> **Action item**
Go through the data and report how many lines include the word "single", giving only the number.

> **Records provided**

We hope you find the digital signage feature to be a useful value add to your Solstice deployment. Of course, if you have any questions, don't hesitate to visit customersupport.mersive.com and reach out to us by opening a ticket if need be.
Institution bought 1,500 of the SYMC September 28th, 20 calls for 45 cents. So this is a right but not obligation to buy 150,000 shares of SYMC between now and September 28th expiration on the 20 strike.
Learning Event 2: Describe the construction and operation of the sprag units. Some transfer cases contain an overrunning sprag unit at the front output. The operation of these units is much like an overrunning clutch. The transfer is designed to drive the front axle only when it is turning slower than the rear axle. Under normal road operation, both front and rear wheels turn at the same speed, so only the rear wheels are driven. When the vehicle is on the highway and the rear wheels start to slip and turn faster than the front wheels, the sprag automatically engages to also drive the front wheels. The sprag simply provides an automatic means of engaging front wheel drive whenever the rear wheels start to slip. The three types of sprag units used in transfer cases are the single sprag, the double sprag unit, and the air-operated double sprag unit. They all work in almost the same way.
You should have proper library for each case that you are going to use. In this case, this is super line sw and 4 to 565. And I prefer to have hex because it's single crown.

==

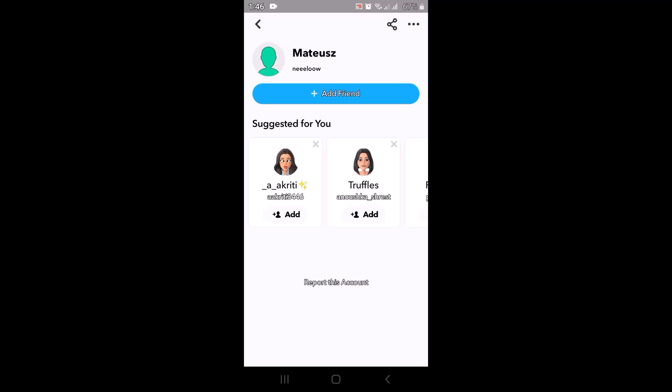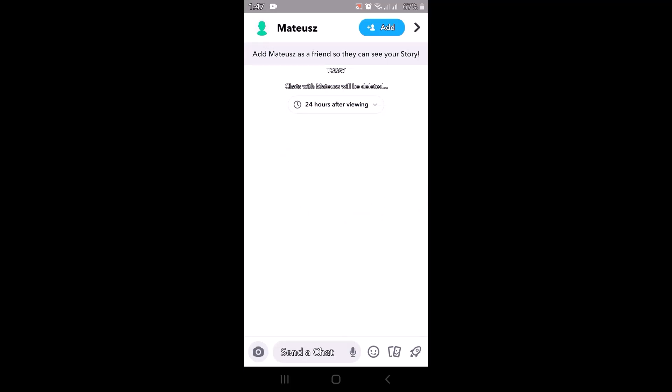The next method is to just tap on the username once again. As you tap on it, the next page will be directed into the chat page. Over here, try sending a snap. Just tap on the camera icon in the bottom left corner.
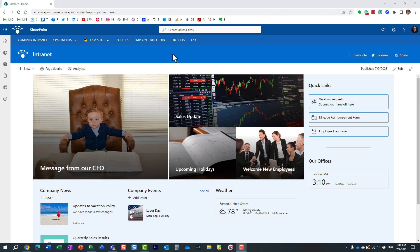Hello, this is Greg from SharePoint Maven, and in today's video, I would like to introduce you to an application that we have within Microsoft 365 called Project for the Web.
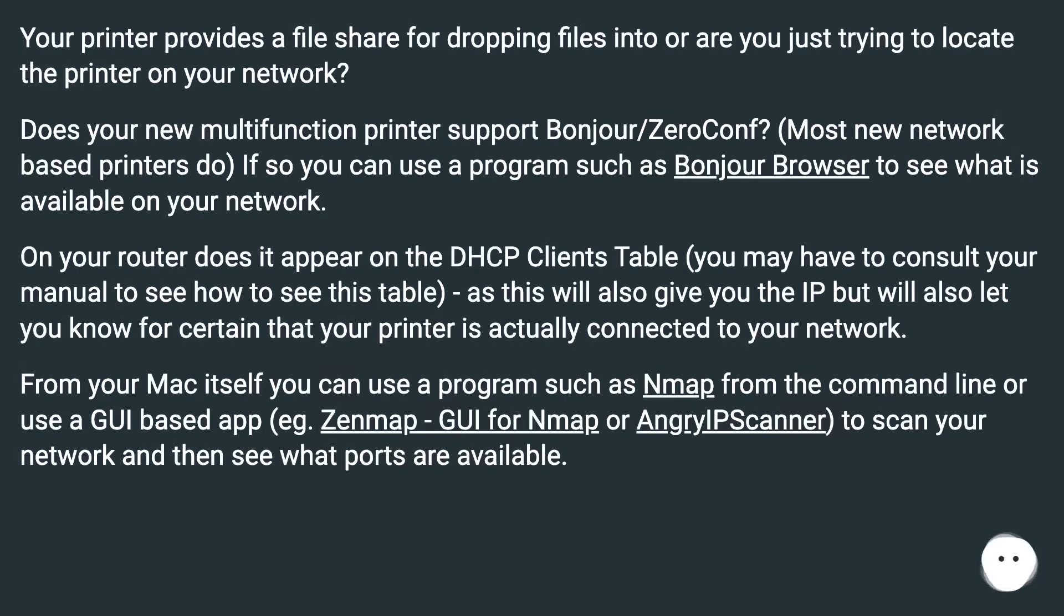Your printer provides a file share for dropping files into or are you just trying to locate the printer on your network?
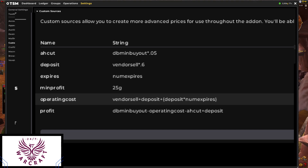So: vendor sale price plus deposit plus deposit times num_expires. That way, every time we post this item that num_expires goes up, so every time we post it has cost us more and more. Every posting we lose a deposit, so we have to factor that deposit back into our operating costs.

> **Output of the task**
2